TASK DETAILS: Would you restate the listing word for word, with the images omitted?

INPUT DATA:
◆ ◆ ◆ ◆ ◆

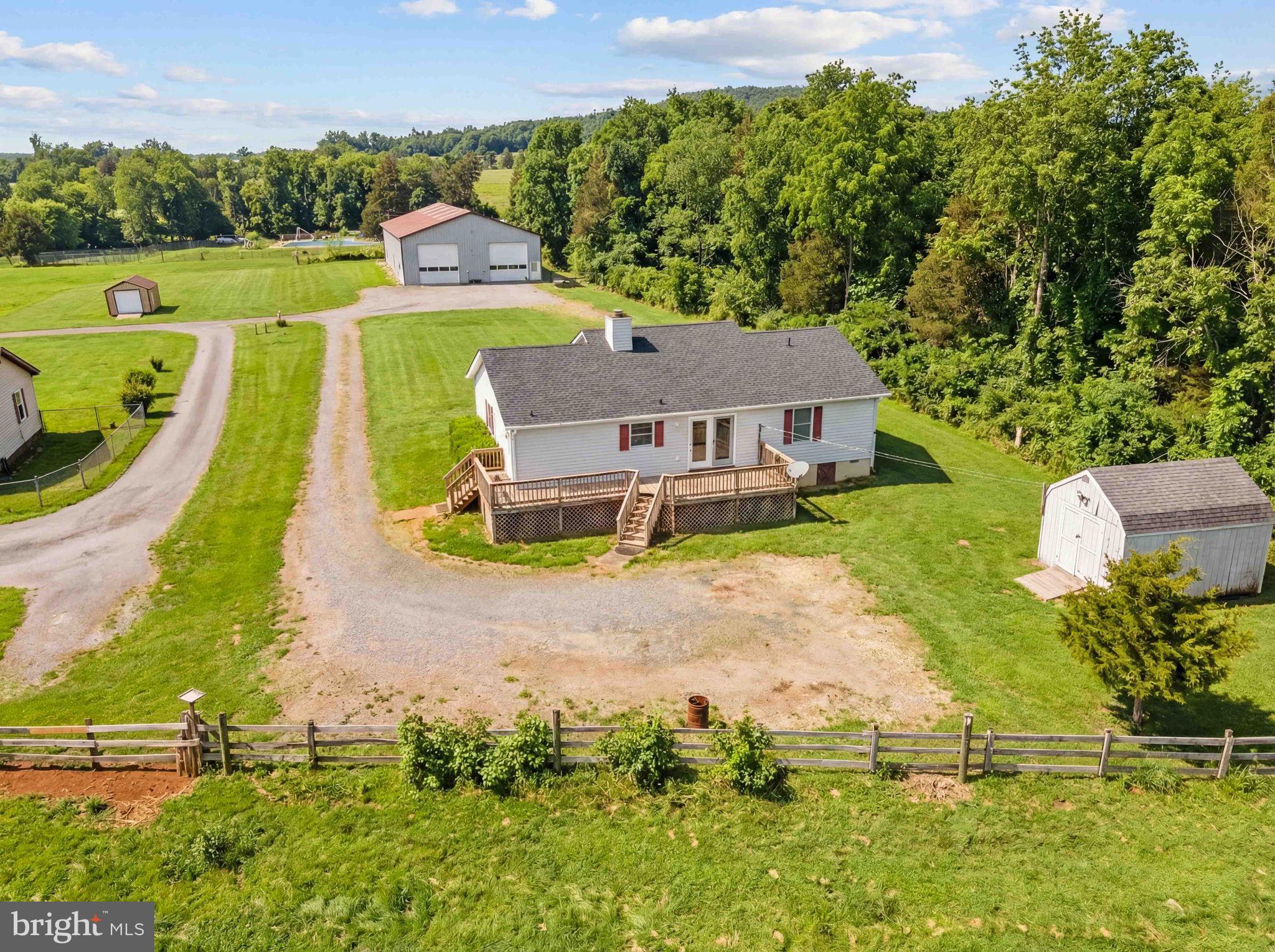 11576 Walters Road Orange, VA 22960 - Photo 10 of 61 an aerial view of a house with a big yard and large trees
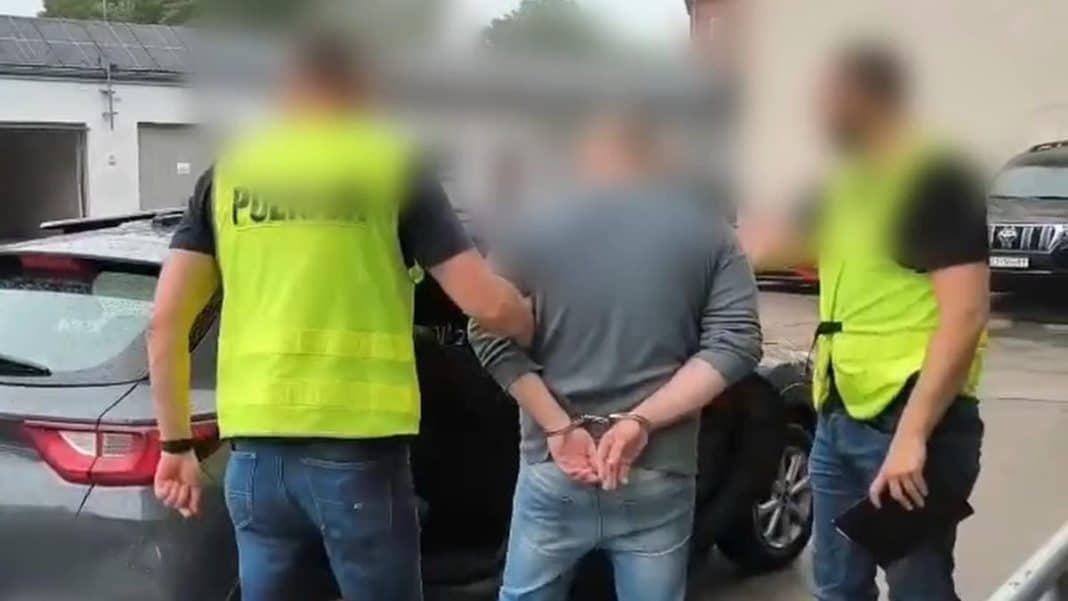 Policjanci zatrzymują podejrzanego mężczyznę na ulicy, wokół radiowóz i dwie osoby w odblaskowych kamizelkach.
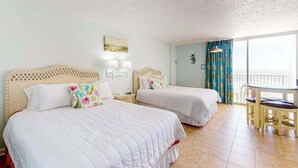 Habitación de hotel con dos camas, un balcón con mesa y vista al mar.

◆ ◆ ◆ ◆ ◆

ANSWER TO THIS TASK:
 11576 Walters Road Orange, VA 22960 - Photo 10 of 61 an aerial view of a house with a big yard and large trees
 Policjanci zatrzymują podejrzanego mężczyznę na ulicy, wokół radiowóz i dwie osoby w odblaskowych kamizelkach.
 Habitación de hotel con dos camas, un balcón con mesa y vista al mar.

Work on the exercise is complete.